Od kiedy po raz pierwszy zetknąłem się z twórczością Daniela Clowesa, każdy kolejny album z jego nazwiskiem na okładce jest przeze mnie wyczekiwany, jak rzadko które dzieło. Wszystko dlatego, że specyfika jego prac i ich wysoki poziom to za każdym razem gwarant doskonałej, skłaniającej do myślenia i refleksji rozrywki z najwyższej półki. I nie inaczej jest z Wilsonem, powieścią graficzną złożoną z krótkich słodko-gorzkich skeczy portretujących codzienność tytułowego bohatera, która potrafi rozśmieszyć, a jednocześnie ściska za gardło i nie pozwala przejść obojętnie obok żadnej strony albumu.
Wilson to mężczyzna w średnim wieku. Mizantrop, malkontent, człowiek, który zmaga się z monotonią życia i ludźmi, z którymi się styka. Jego ojciec jest umierający, życie Willsona też powoli zmierza ku katastrofie. Wilson stara się coś jeszcze wycisnąć z puzzli swojej codzienności, ale czy ma szansę cokolwiek zmienić? Cokolwiek osiągnąć? A może skazany jest na powtarzanie wciąż tych samych błędów i powolne staczanie się po równi pochyłej?

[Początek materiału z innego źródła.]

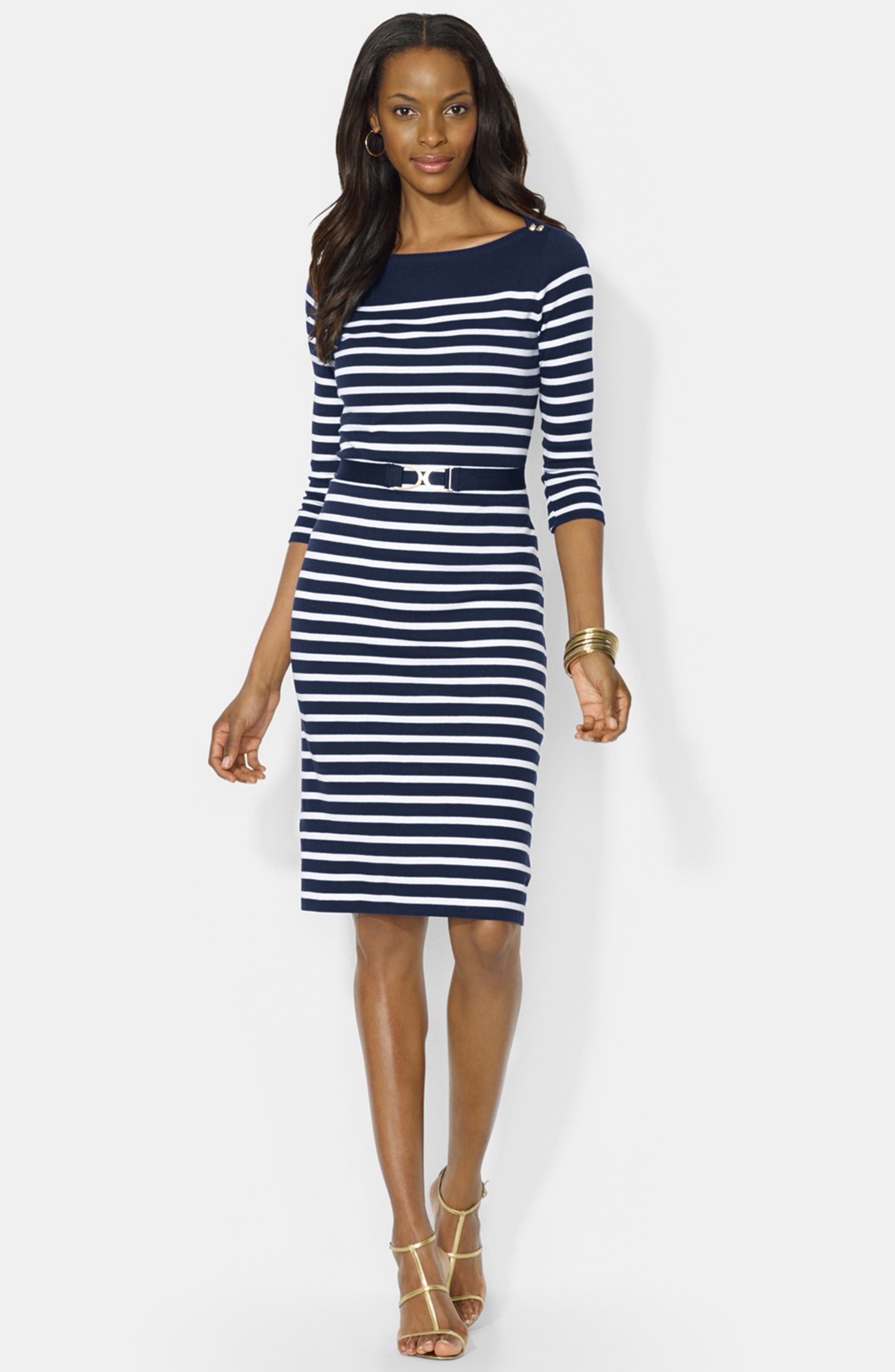 Lauren Ralph Lauren Stripe Boatneck Cotton Dress | Nordstrom
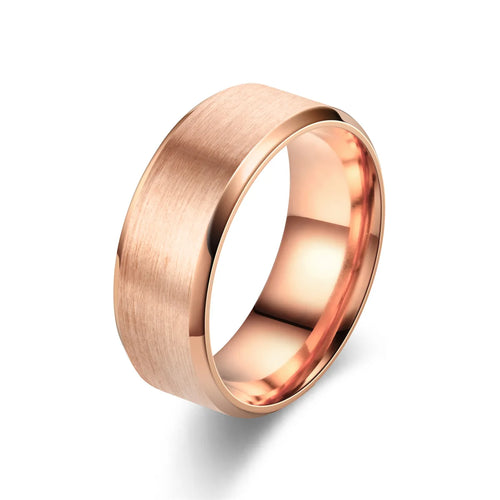 Classic 8mm Tungsten Mens Ring Surface Brushed Stainless Steel Ring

Dan Clowes lubi eksperymentować z komiksem. Serwował nam już w końcu typowe powieści graficzne (znakomita Patience), opowieści złożone z krótkich, kilkustronicowych shortów (genialne Ghost World) a teraz dostajemy graphic novel, na którą składają się skecze długości jednej strony. Samo to nie jest niczym wyjątkowym, bo jakże często podobnie zbudowane są europejskie albumy humorystyczne, ale Clowes idzie tu w mniej oczywistym kierunku. Widać to przede wszystkim w szacie graficznej, która zmienia się w zależności od emocji rządzącej w danej opowieści – zaczynając od uproszczonego realizmu, na mocno cartoonowych rysunkach skończywszy – ale i fabularnie rzecz daleka jest od typowych komedii. Nawet tych posiadających przesłanie i drugie dno.
Co zatem wyróżnia Wilsona na tle podobnych prac? Przede wszystkim jego powaga i ponury, depresyjno-refleksyjny nastrój, które sprawiają, że całość zapada w pamięć, trafia do serca i obija się po zwojach mózgowych. Tego typu stripy sąsiadują z typowymi, mocno zabarwionymi satyrą humoreskami, ale i te lżejsze, zabawne, pełne są życiowych prawd, przemyśleń i siły wymowy. Nic w tym zresztą dziwnego. Clowes nad Wilsonem pracował w ciężkim dla siebie okresie, kiedy jego ojciec konał w szpitalu. Wydarzenie to zainspirowało całość, podobnie zresztą jak czytana w owym czasie biografia Charlesa Schulza, twórcy Fistaszków, który tak bardzo pod wieloma względami przypominał mu ojca właśnie. A siła tego dzieła jest tym większa, że z emocjami łączy się tu zjadliwa satyra – na społeczeństwo, na czasy, na konflikt pokoleń, na świat i nawet na malkontentów takich, jak główny bohater.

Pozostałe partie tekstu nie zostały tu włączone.